* Exercise: Scan the listing below. Copy each line that contains "Louis".

* Entries provided:
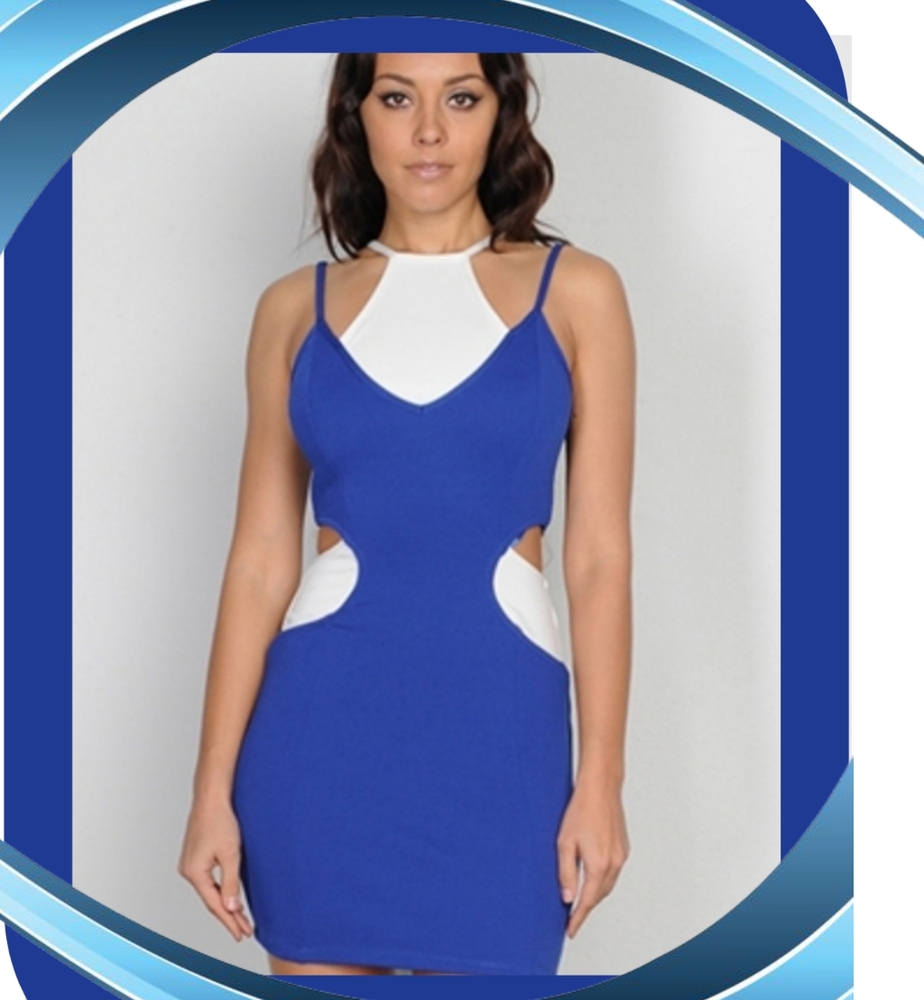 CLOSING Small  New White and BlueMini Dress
* * *
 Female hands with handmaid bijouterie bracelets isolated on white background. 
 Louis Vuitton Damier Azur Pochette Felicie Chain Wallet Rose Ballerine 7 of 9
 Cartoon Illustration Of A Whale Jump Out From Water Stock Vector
...
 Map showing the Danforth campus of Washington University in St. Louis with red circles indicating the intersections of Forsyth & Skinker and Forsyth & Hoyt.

* Expected output:
 Louis Vuitton Damier Azur Pochette Felicie Chain Wallet Rose Ballerine 7 of 9
 Map showing the Danforth campus of Washington University in St. Louis with red circles indicating the intersections of Forsyth & Skinker and Forsyth & Hoyt.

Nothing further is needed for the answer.